La cara de la joven comienza a cambiar, así que el detective sigue a lo suyo:
—No hace falta que le diga que un asesinato es asunto de altos vuelos y que el muerto era joven adinerado. Hay intereses de Madrid en que el crimen se solucione y no vamos a parar hasta llevar al garrote a los asesinos… —entonces, tras dejar pasar unos segundos, añade—: y a sus colaboradores.
La joven traga saliva. Parece menos resuelta ahora.
—Yo… si puedo ayudar en algo…
—Nicolás —dice Víctor—. ¿Dónde para?
—Lo vi hace unos dos días. Me dijo que se había metido en un lío en una taberna de Oviedo —Víctor se toca el costado recordando la pelea— y que quería quitarse de en medio. Me dijo que iba a pedir más dinero a «la mujer».
Los cuatro hombres se miran.
—¿Qué mujer? —pregunta Víctor.
La joven mira a los lados, arriba, abajo, no sabe dónde meterse.
—¡Diga! —exclama el juez.
—No… no puedo…
—Castillo, saque los grilletes —dice muy serio Casamajó.
—¡Un momento, un momento! —interrumpe ella alzando las manos—. No sé gran cosa. Hace unas semanas Nicolás me dijo que le había salido un trabajo fácil, un chollo, se ganó unos buenos dineros por hacer apenas un recado con muy poco riesgo.
—La nota —apunta Víctor mirando a sus amigos.
Ella continúa:
—Según parece, el asunto le surgió en Oviedo; una mujer muy guapa, de posibles, le hizo el encargo y le pagó muy bien.
—¿Y?
—Hasta ahí, bien. Pero el otro día vino muy azorado. «Me buscan», me dijo, «y es por lo de esa arpía.» Entonces me comentó que si él caía la arrastraría a ella. Creo que iba a pedirle más dinero y luego poner tierra de por medio.
—Embarcándose en el Aguamarina —apunta el Julián.
—¿Cómo? —pregunta ella.
—Sí —dice Víctor—. Se iba a embarcar en Gijón dentro de dos días, en un barco, el Aguamarina, va a América.
—¡Hijo de puta!
Los cuatro amigos se miran, la camarera parece colérica.
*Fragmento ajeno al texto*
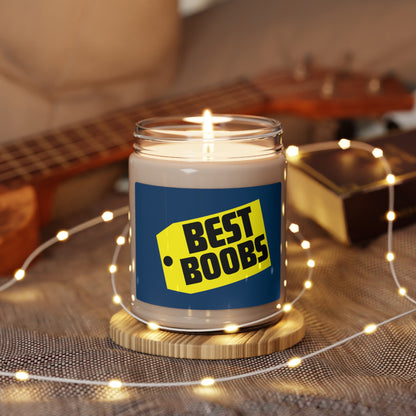 Best BOOBS Scented Soy Candle, 9oz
—¡Y me dijo que vendría a buscarme! Que nos iríamos a Huelva, que allí había trabajo para gente de mar como él. ¡Cuando le ponga la mano encima…!
—¡Victoria, Victoria! ¡Cálmese! —dice Víctor intentando poner orden—. ¡Escuche! Esa gente es peligrosa. ¿Cómo la conoció? Me refiero a esa mujer. ¿Cómo era? ¿Rubia? ¿Morena? ¿Era joven, de mediana edad?
—No sé, creo que fue en una taberna, pero no me la describió. Dijo que era muy bella pero no me habló de edad ni de color de pelo.
—Es de vital importancia que encontremos a Nicolás antes que esa mujer y sus compinches. Su hombre va a una muerte segura, ¿entiende? Hágame caso. Haga memoria.
Ella pone cara de no saber de qué le hablan. Está enfadada, colérica, Nicolás la ha engañado y poco más sabe del asunto. Es una mujer de carácter, parece muy evidente.
—No… No sabría decirle. Él nunca me contaba todas sus cosas, siempre andaba metido en asuntos turbios y decía que cuanto menos se cuente, mejor.
Castillo da un paso al frente.
—Intente usted hacer memoria y si recuerda algo importante, por amor de Dios, hágamelo saber a través de su alcalde de barrio. Igual llegamos a tiempo de salvarle la vida.
—De momento, vigilaremos el barco —dice Víctor.
—Si llega a cogerlo con vida —sentencia Casamajó.
—Una mujer muy bella… —musita el detective.
—¿Podría ser Mariana Carave? —pregunta el juez pensando en voz alta.
Antes de volver a Oviedo, el Julián les ayuda a localizar al alcalde de barrio. Justo Fernández resulta ser un tipo sencillo, achaparrado y que comenzó sus días como simple pescador para llegar a ser uno de los hombres mejor situados del pueblo. Según parece posee tres barcos de pesca y da de comer a varias familias.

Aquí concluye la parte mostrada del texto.